# DATA EXTRACT
= = = =
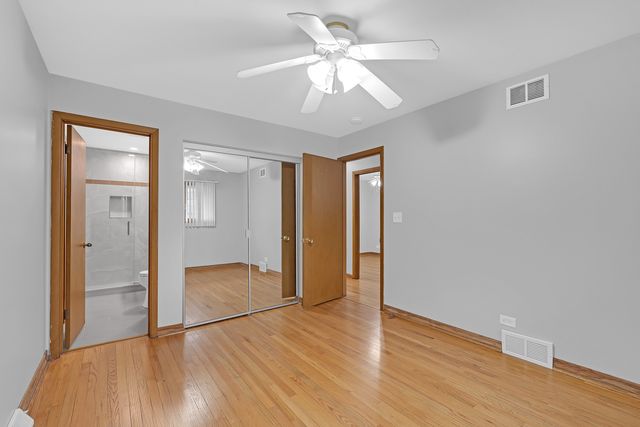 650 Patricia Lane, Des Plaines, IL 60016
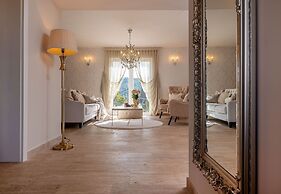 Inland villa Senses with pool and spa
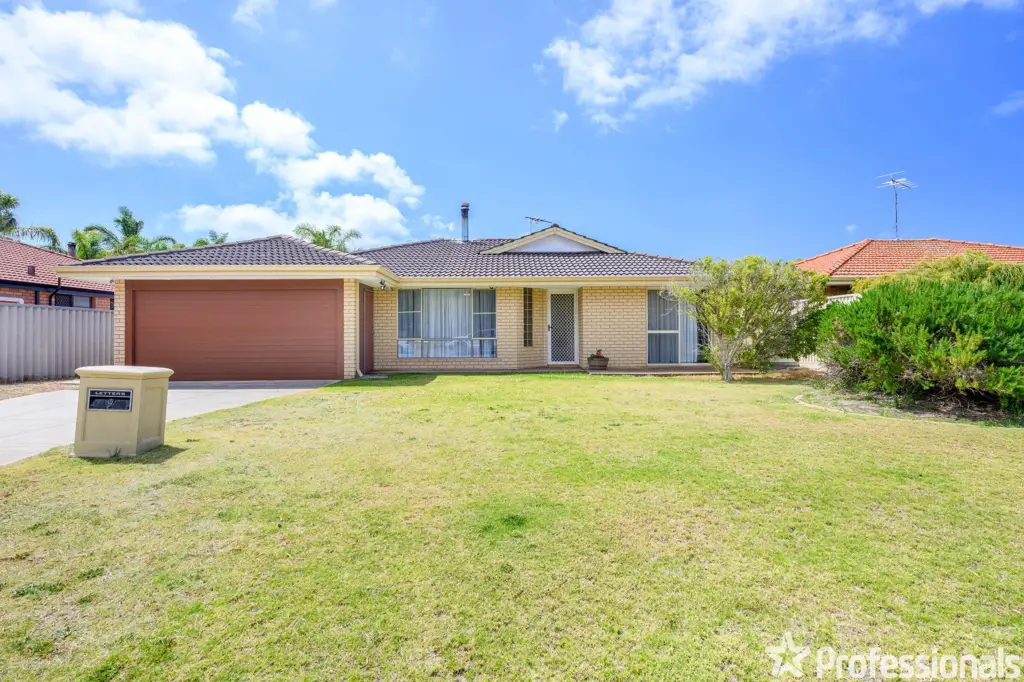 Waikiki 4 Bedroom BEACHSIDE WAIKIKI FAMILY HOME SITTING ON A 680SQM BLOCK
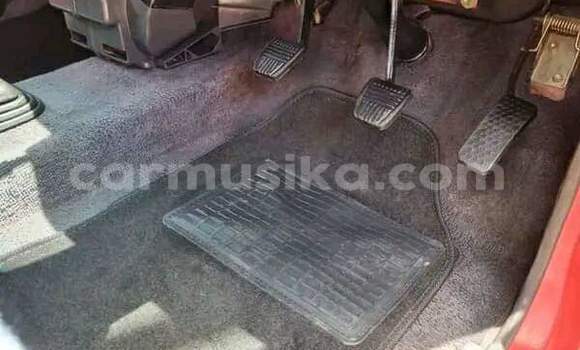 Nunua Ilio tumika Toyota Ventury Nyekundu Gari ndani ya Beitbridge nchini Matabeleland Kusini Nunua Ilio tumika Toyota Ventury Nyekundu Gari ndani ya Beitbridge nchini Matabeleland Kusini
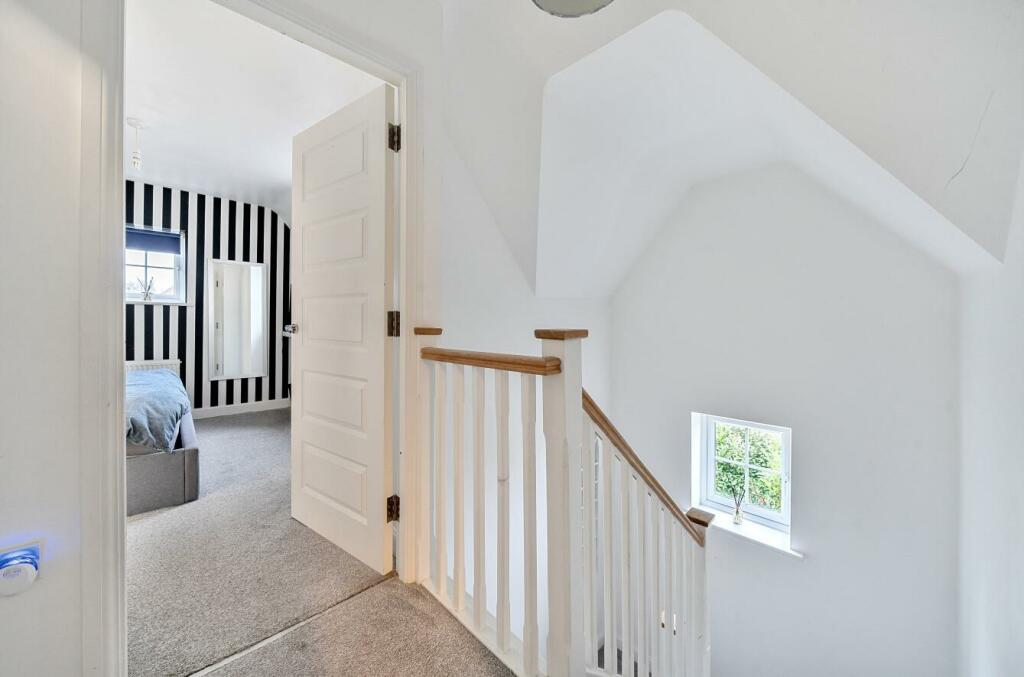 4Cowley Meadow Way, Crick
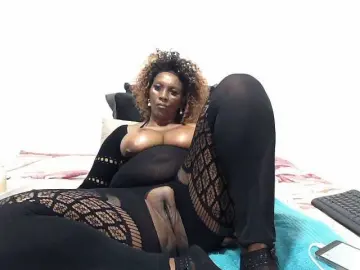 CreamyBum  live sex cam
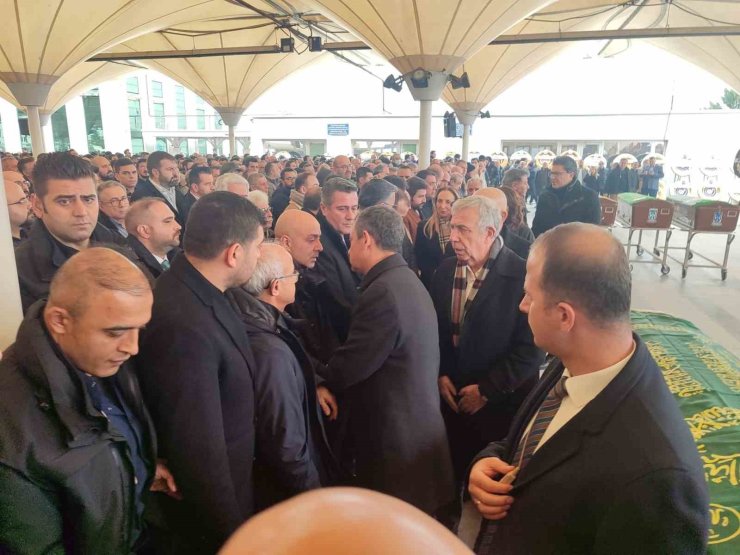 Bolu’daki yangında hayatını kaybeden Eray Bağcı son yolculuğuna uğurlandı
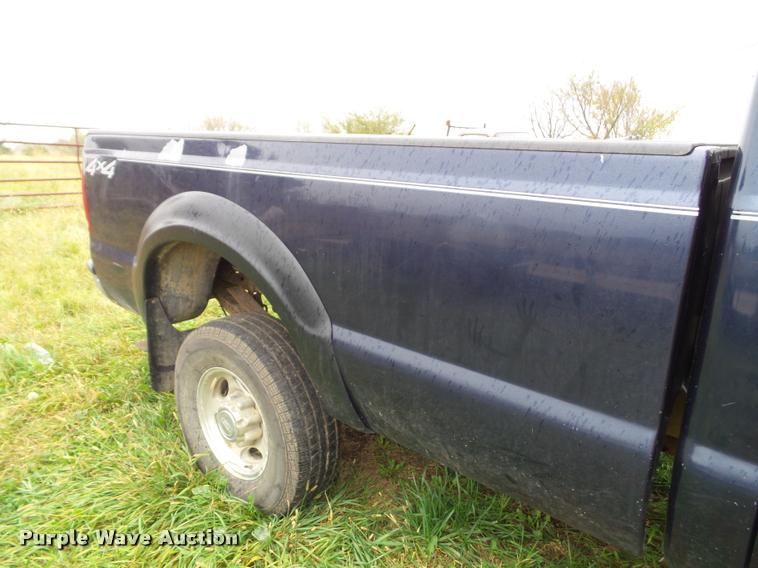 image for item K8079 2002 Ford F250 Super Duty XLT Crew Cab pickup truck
= = = =
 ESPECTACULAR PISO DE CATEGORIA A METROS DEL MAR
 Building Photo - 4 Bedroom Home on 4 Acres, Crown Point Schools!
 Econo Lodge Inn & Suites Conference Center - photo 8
= = = =
# WORK TO BE COMPLETED
From the data above, return exactly the lines from the one with "650 Patricia Lane, Des Plaines, IL 60016" up to and including the one with "image for item". Pictures do not go in the copy.

# THE COMPLETED TASK
 650 Patricia Lane, Des Plaines, IL 60016
 Inland villa Senses with pool and spa
 Waikiki 4 Bedroom BEACHSIDE WAIKIKI FAMILY HOME SITTING ON A 680SQM BLOCK
 Nunua Ilio tumika Toyota Ventury Nyekundu Gari ndani ya Beitbridge nchini Matabeleland Kusini Nunua Ilio tumika Toyota Ventury Nyekundu Gari ndani ya Beitbridge nchini Matabeleland Kusini
 4Cowley Meadow Way, Crick
 CreamyBum  live sex cam
 Bolu’daki yangında hayatını kaybeden Eray Bağcı son yolculuğuna uğurlandı
 image for item K8079 2002 Ford F250 Super Duty XLT Crew Cab pickup truck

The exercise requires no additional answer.